Fostering joy in the most challenging time of the year

December can be a particularly grim month for a child to spend in foster care.

The holiday season magnifies every painful aspect of their situation. 

They wonder about the holidays they’re used to celebrating and what they’ll look like this year. Will St. Nick come to a house that hangs stockings rather than shoes in anticipation of his arrival?

Does Santa know where they are this year?

Will the parent who isn’t with them be okay?

The burden of their adult worries can squelch the merry right out of Christmas and affect behavior in ways the child doesn’t understand.

Sure, they can help decorate a Christmas tree, but they’re hanging ornaments that tell other people’s stories. They’re watching Christmas specials and reading Christmas stories filled with families that don’t look like theirs.

Even as their community rallies around them with events and gift exchanges meant to make them smile, these bruised little souls often question whether they deserve such generosity. 

So, sometimes, they behave in inappropriate ways. They refuse, because they have their own reasons, to participate in activities everyone else views as easy and fun. They don’t say thank you when they receive a gift because they might be confused about why the person is giving it to them, or feeling shy or overwhelmed.

They run around the room like Sonic the Hedgehog because it releases tension in their bodies they don’t even recognize.

While they love to open gifts as much as any other child, what these little people really need for Christmas is a big batch of compassion wrapped up with some nice, holiday slack.

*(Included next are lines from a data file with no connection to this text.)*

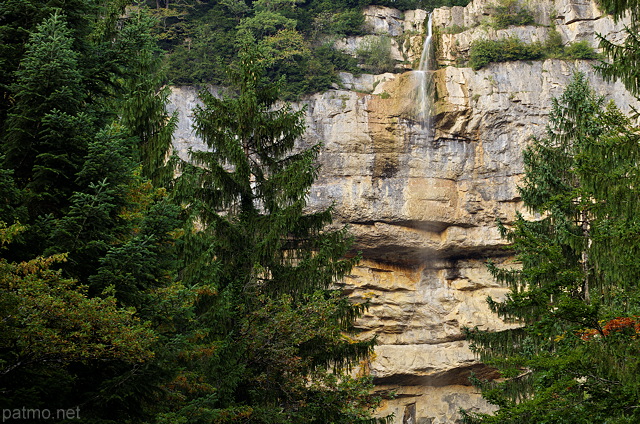 Photographie de la cascade de la Queue de Cheval entoure d'arbres dans le Haut Jura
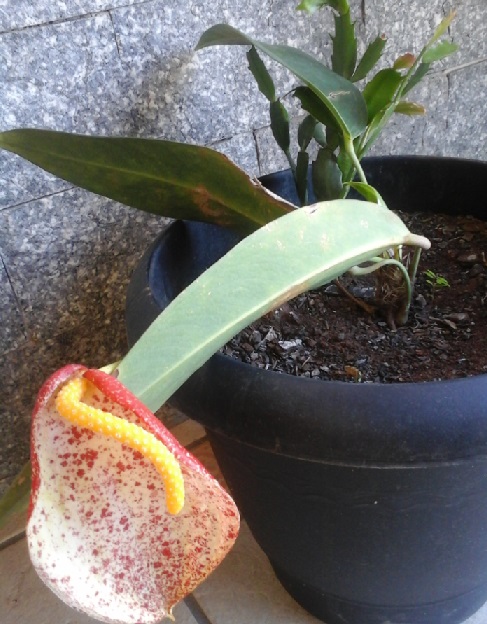 Antúrio Rabinho de Porco – Dicas de Cultivo e Foto da Flor do Anthurium Scherzerianum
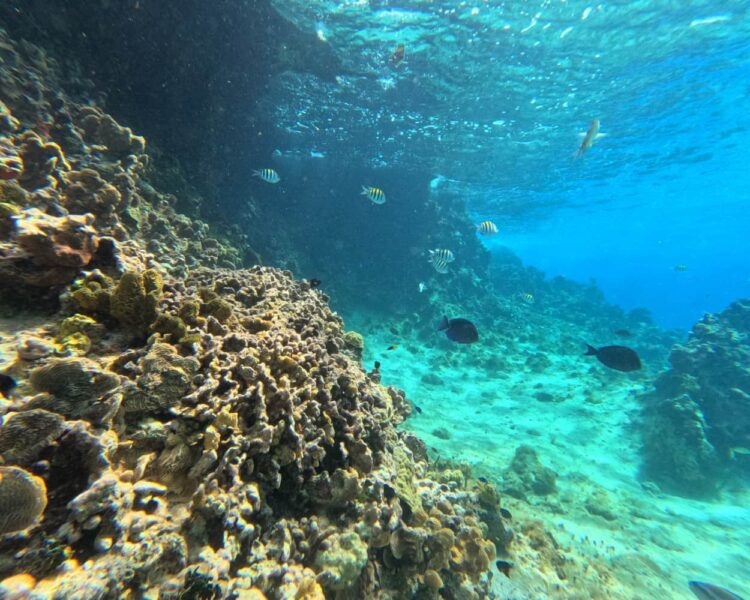 An authentic underwater photo taken from the glass floor of a transparent boat, showing a vibrant coral reef on the left, several fish species including surgeonfish and sergeant majors, and bright turquoise Caribbean water in Cozumel, Mexico.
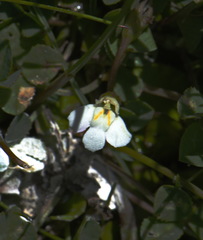 Mazus novaezeelandiae impolitus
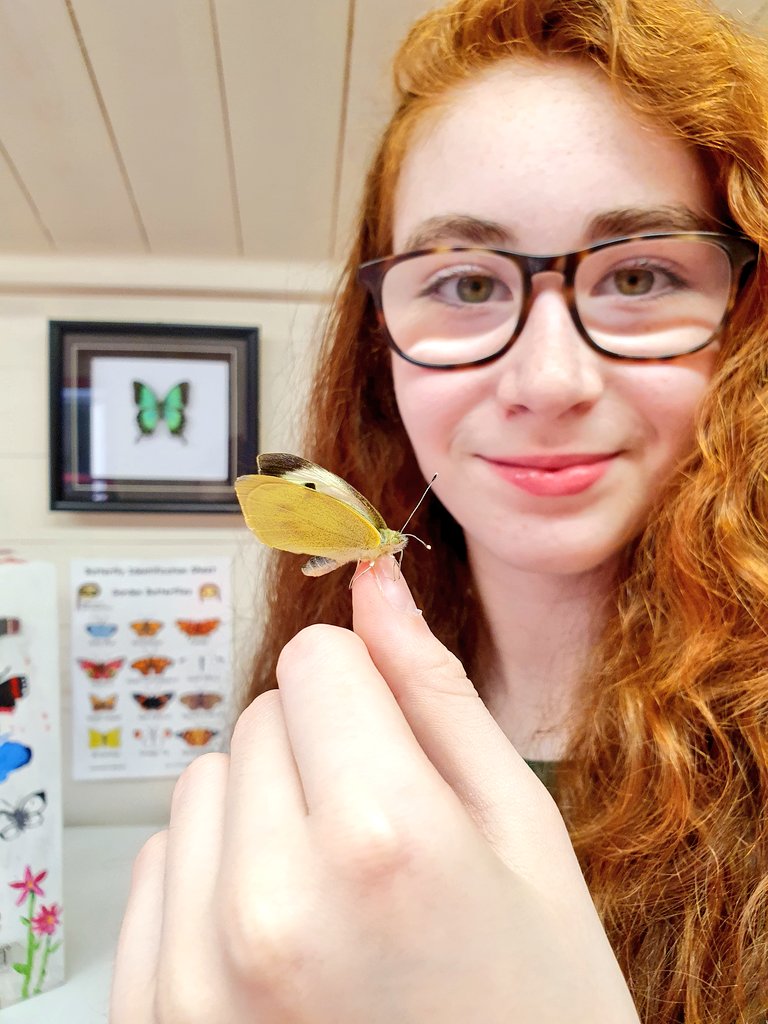 Large White #Butterflies have darker tips on their wings than Small White's 🦋🦋🦋🦋🦋🦋🦋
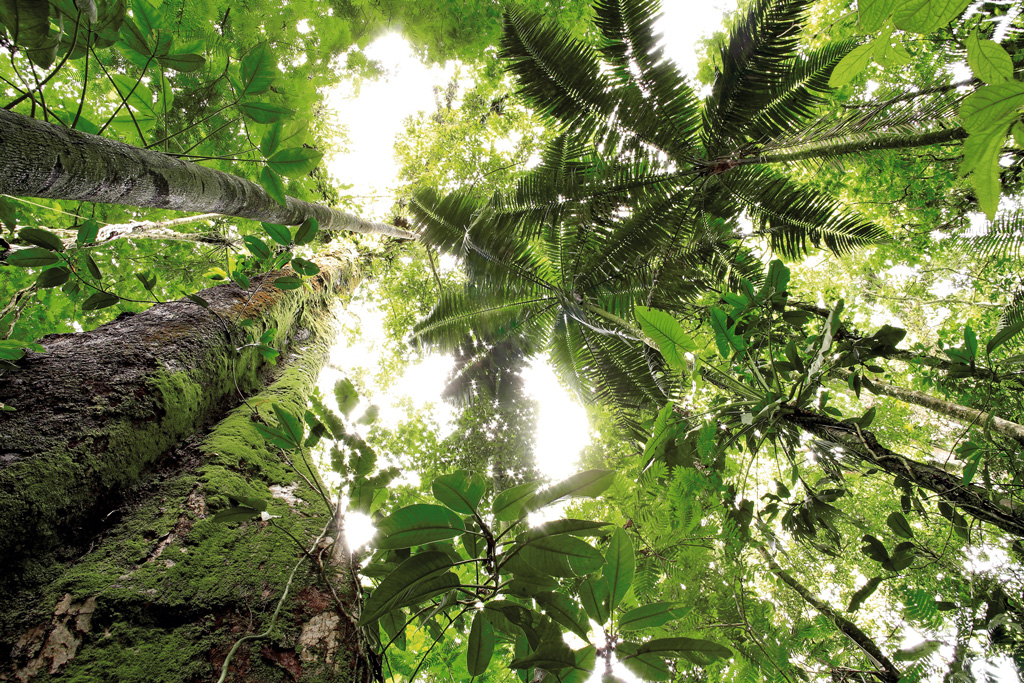 Rainforest canopy at La Selva Biological Station, Sarapiqui, Costa Rica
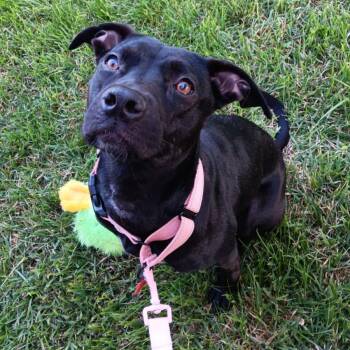 Labrador Retriever Dogs Available for Adoption in Houston, Texas - Whitney | PetCurious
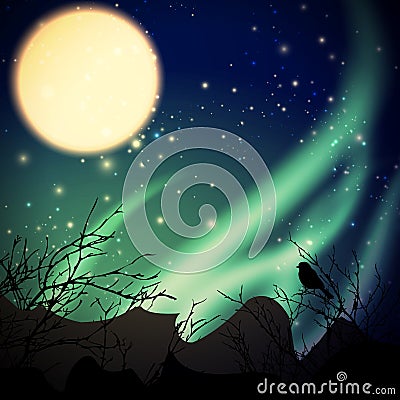 Northern lights Vector Illustration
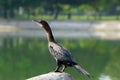 A close-up of neotropic cormorant. Royalty Free Stock Photo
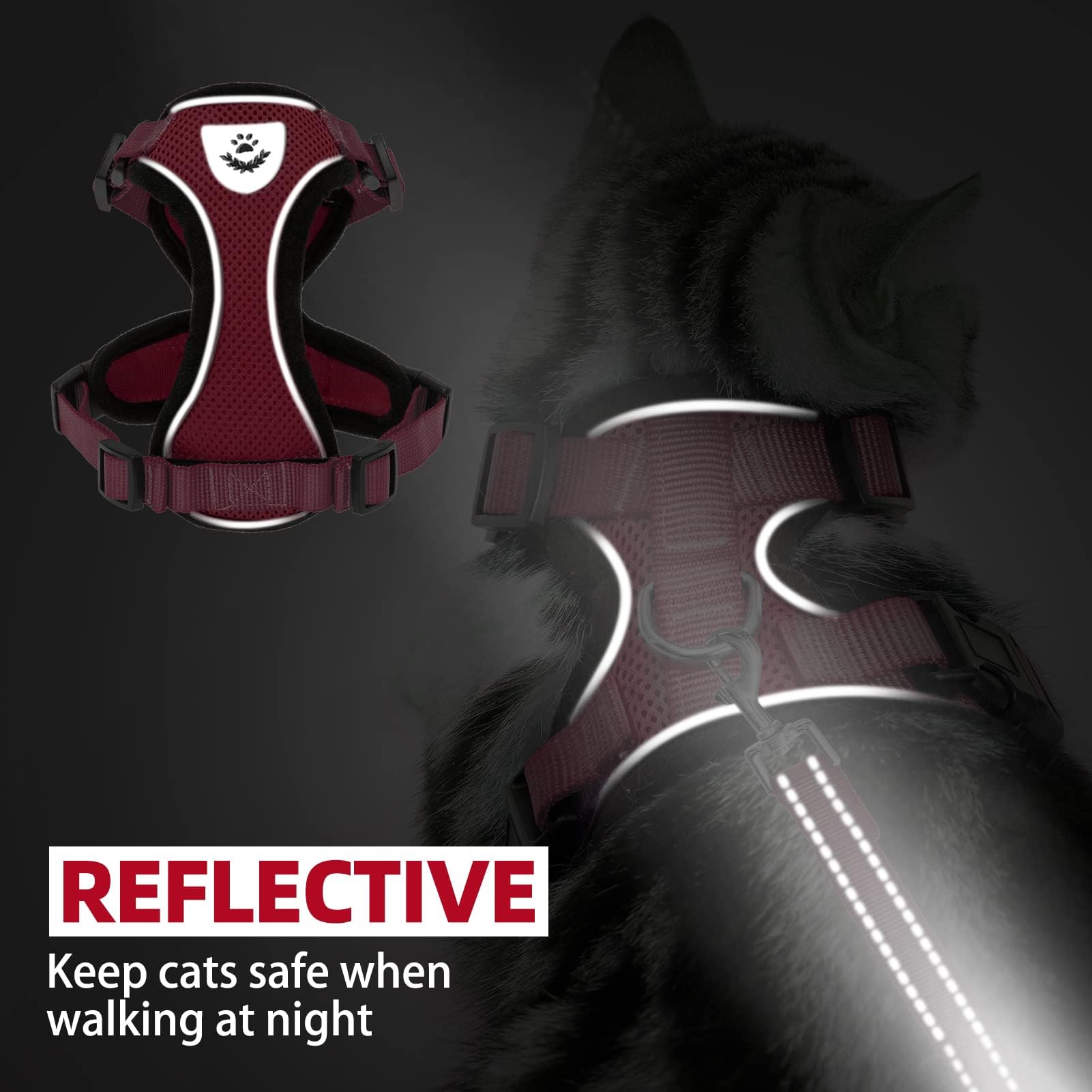 PUPTECK cat harness and long leash presented together as a set.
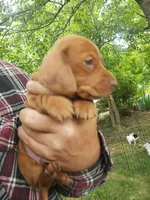Sammy, a male Miniature Dachshund for sale in Spotsylvania, VA – Photo 9 of 9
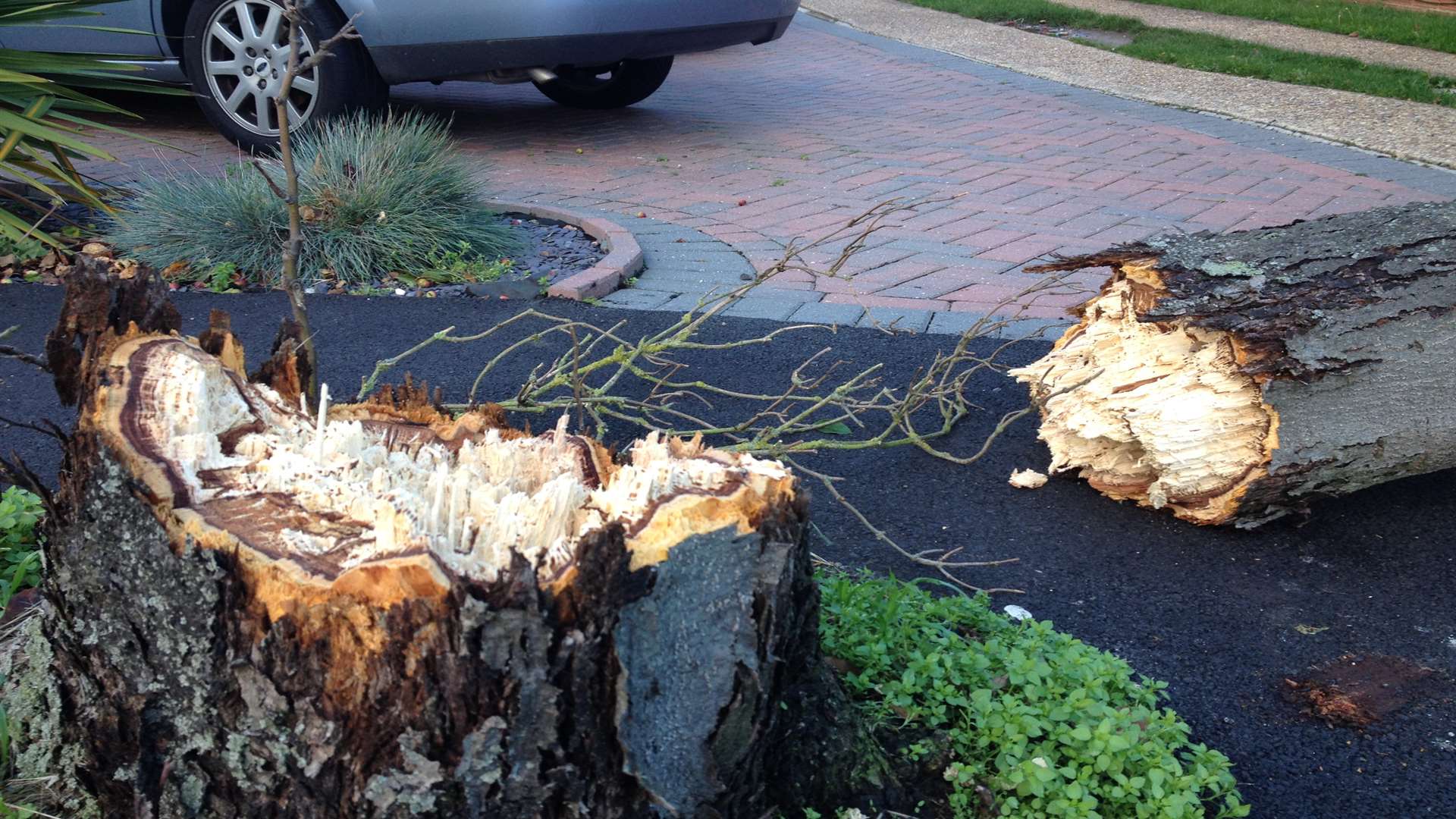 The Met Office has warned of the likelihood of fallen trees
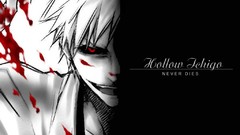 Blood bleach kurosaki ichigo Hollow Ichigo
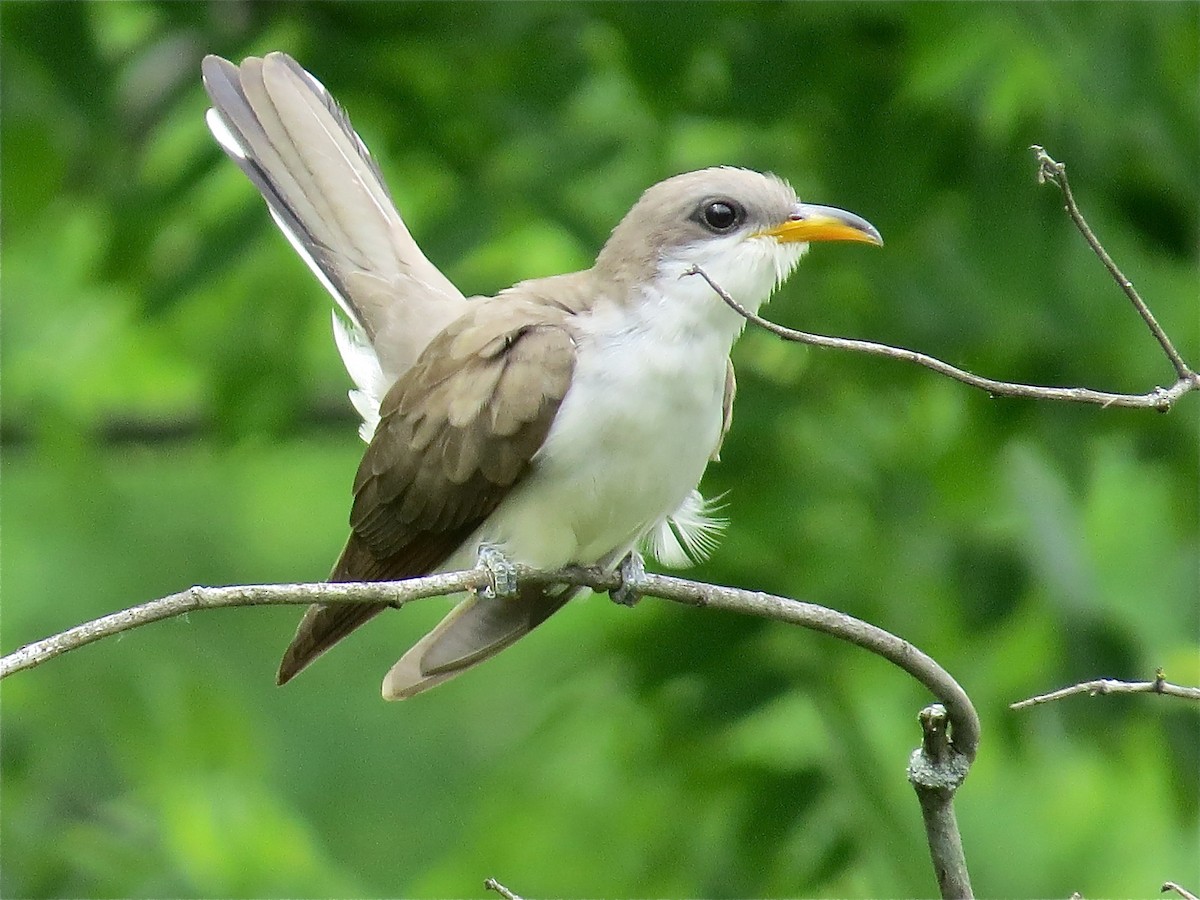 Yellow-billed Cuckoo - ML46673641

Contingency plans become especially important for people who can get overstimulated so easily, genuine grace instead of judgment.

If a child has to leave a party, it doesn’t mean he or she didn’t appreciate the invitation or all the work that went into putting that party together. It doesn’t even mean they didn’t have a good time. It just means, in that particular moment on that particular day, they needed to catch their breath away from the hullabaloo.

I hope every child gets to experience a magical holiday season, filled with peace, joy and love. I hope every adult can too.

But, buckle up, man. The road through all that holiday fun can get bumpy.

I saw this picture on a royalty free site and it seemed just about right for this piece. What does Christmas look like to little people who are looking for it through unfamiliar windows?